Brent crude was little changed around $85 a barrel after the JMMC meeting.
Magrabi announces new leadership structure, unveils latest mission statement
Business group eyes international expansion and listing
Updated 01 February 2023
RIYADH: Marking the beginning of a new chapter in its growth story, Magrabi Retail Group, the Middle East’s leading eyewear retailer, announced its newly formed leadership structure and unveiled its latest mission statement in an exclusive interview with Arab News.
While Amin Magrabi, formerly CEO, is stepping up as the chairman to lead the business forward and oversee strategic expansion goals in the region and beyond, Yasser Taher, formerly COO, is moving up to become the CEO as part of a gender-balanced C-suite.
“I am very excited by what the future holds as we see us expanding internationally and also listing the organization in the public markets,” Amin Magrabi told Arab News.
He added: “We will also announce a new progressive board of directors in a couple of months.”

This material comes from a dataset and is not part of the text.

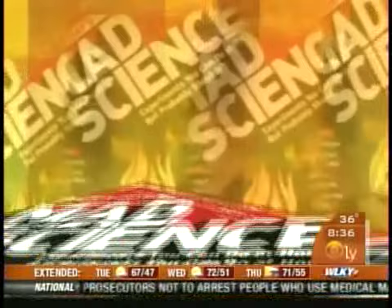Let's send it back inside. Joining us now is a truly mad scientist — Theo Gray's new book is called 'Mad Science: Experiments You Can Do at Home But Probably Should Not.' That's not gonna prevent us from doing something this morning. Theo, good morning, good to have you here.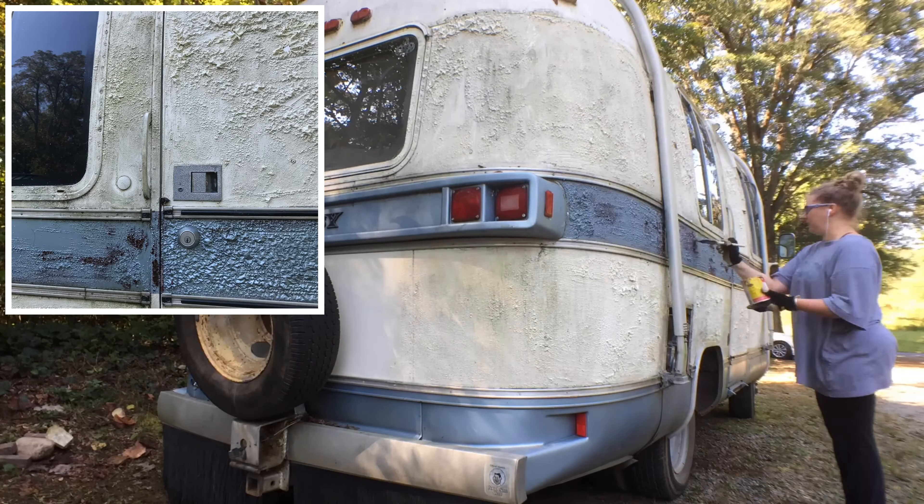This process is definitely going to make Dreamboat look worse before he gets better. Argosys used imperfect panels that couldn't be used on Airstreams and sometimes have plastic body filler and blemishes. I'm already aware of several areas on Dreamboat's body where there is plastic body filler hiding or repairing damage.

As the newly appointed CEO, Taher told Arab News that he is proud to become the first non-family member to hold this position in the history of the group.
“We are transforming this family business to become a world-class business group. And I’m very excited about this transformation mission,” he said.
Last year, Magrabi achieved several milestones including the founding of the Lens Innovation Center based in Dubai, the first fully automated production installation in the region which aims to produce 2 million lenses a year by 2025.
The company’s growing portfolio includes Magrabi, the biggest luxury eyewear chain in the region, as well as the lifestyle chain Doctor M, multiple owned brands, and a robust wholesale and distribution arm. Its retail network consists of 142-plus outlets and a growing omnichannel presence.
Magrabi seems all set to move forward now, with a strategic shift that is aligned with the group’s accelerated gender equity commitments.
With the new leadership structure firmly in place, Magrabi went on to unveil its new mission exclusively to Arab News. “We are delighted to announce the latest update, our new mission: Re-envisioning the world of eyewear to empower the lifestyles of millions.”
“Re-envisioning entails transformation,” he explained. “It means going beyond the traditional approach, trying to unleash this industry from a very traditional setup to the way we think about it. It entails a new vision of how we look into this. This is the ‘how’ in the mission statement, the ‘what’ is the world of eyewear.”
Magrabi added: “We look at how we can introduce new brands, new banners, new products, and services and create differentiated store concepts, online and offline proposition. This is how we look at the world of eyewear.”
“The ‘why’ is to empower lifestyles,” Taher explained. “So what does this mean? We don’t want to only sell products. In reality, we want to empower our customers. We look at customer engagement with a very different approach.”
This is an industry where consumers are not very well informed about their options and how to make the right selection, he said.
“Hence, we wanted to empower consumers; we want to educate them. We want to simplify this industry for them to make sure that they are capable to make their own decisions and understand their options,” Taher went on to say.
The last piece of the mission, according to him, is the millions. “The millions is the ‘who,’” Taher said. “It not only implies the international expansion across different markets in different segments but it also implies corporate social responsibility and social impact programs.”
Summing it up Magrabi said that the company would like to drive home the message that Magrabi Retail Group is not a typical regional Middle Eastern company nor is it a typical family business.
“It’s a very progressive business that wants a place for itself on a global platform and is not just about finances and numbers,” he concluded.
“It’s about creating something truly differentiated; that is there to change an industry. And this executive transition is just part of this progressiveness as this company matures and moves from family hands to professional leadership hands.”